▶ [Task item] Extract, exactly as written, the line that contains "Термобілизна Арміі Швейцаріі" and all lines after it through the end of the records. Omit pictures.

▶ [Source material]
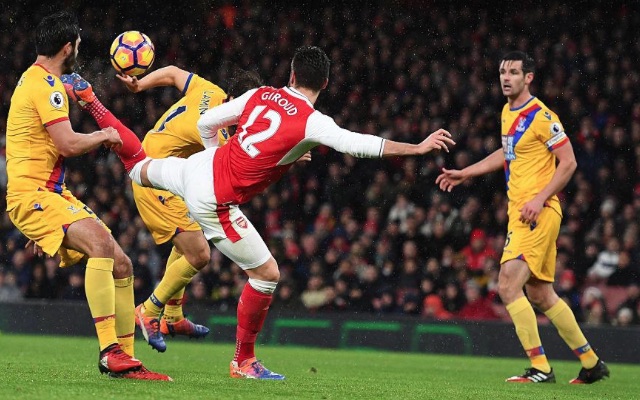 Olivier Giroud wondergoal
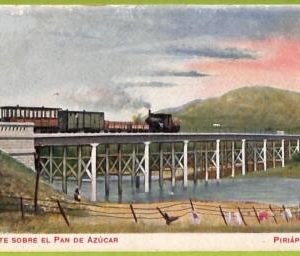 af2752 - URUGUAY - VINTAGE POSTCARD - Piriápolis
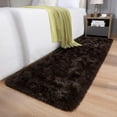 thumbnail image 2 of Runner Rug Fluffy Area Rugs for Bedroom Bedside Soft Living Room Shag Rugs Hallyway Entryway xCM Room Decor, 2 of 5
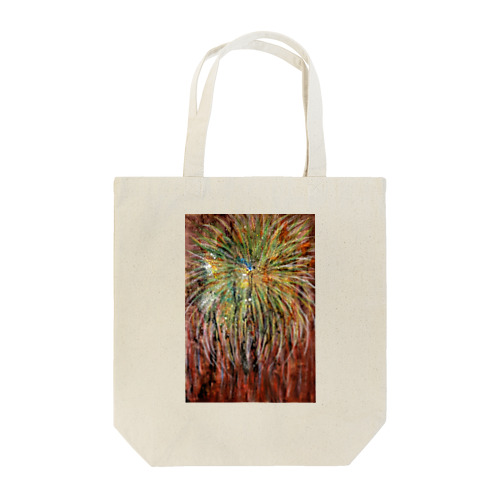 花火 Tote Bag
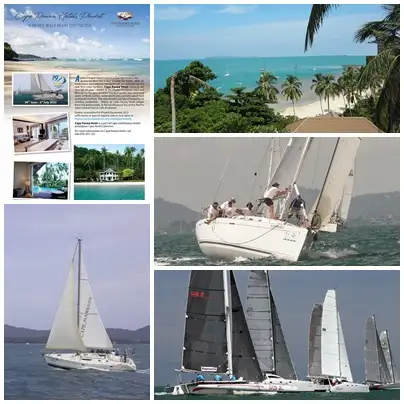 Moving Forward with the 19th Cape Panwa Hotel Phuket Raceweek 2022 after COVID-19 to help stimulate the economy of Phuket Island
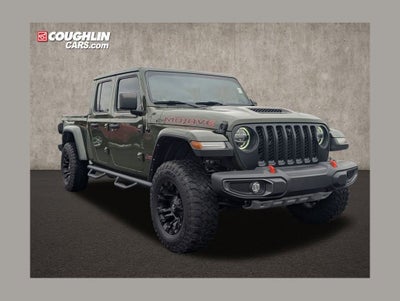2021 Jeep Gladiator Mojave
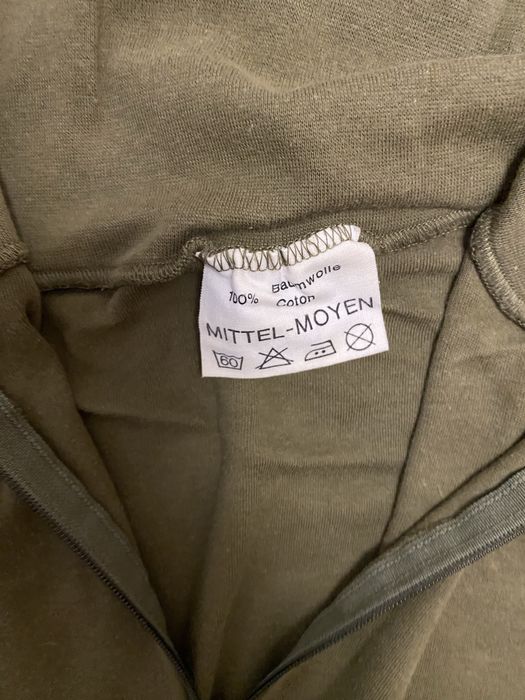 Термобілизна Арміі Швейцаріі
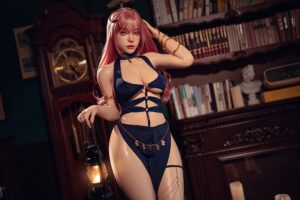 M5 – Silicone 164cm 64.57 F-CUP 32kg 70.55lbs Sex Doll Big Booty Anime Japanese Sex Doll SYD-S164-0136 25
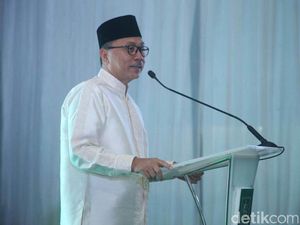 Di Hadapan Ratusan Kader Nasyiatul Aisyiyah, Ketua MPR: Generasi Z Sudah Mulai Tumbuh Di Hadapan Ratusan Kader Nasyiatul Aisyiyah, Ketua MPR: Generasi Z Sudah Mulai Tumbuh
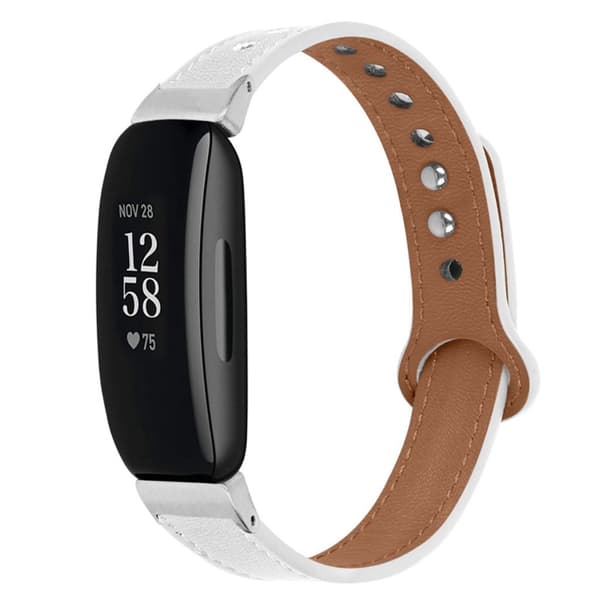Fitbit Inspire/Inspire HR/Inspire 2/Ace 2 Watch Strap – White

▶ [Solution for this task]
 Термобілизна Арміі Швейцаріі
 M5 – Silicone 164cm 64.57 F-CUP 32kg 70.55lbs Sex Doll Big Booty Anime Japanese Sex Doll SYD-S164-0136 25
 Di Hadapan Ratusan Kader Nasyiatul Aisyiyah, Ketua MPR: Generasi Z Sudah Mulai Tumbuh Di Hadapan Ratusan Kader Nasyiatul Aisyiyah, Ketua MPR: Generasi Z Sudah Mulai Tumbuh
Fitbit Inspire/Inspire HR/Inspire 2/Ace 2 Watch Strap – White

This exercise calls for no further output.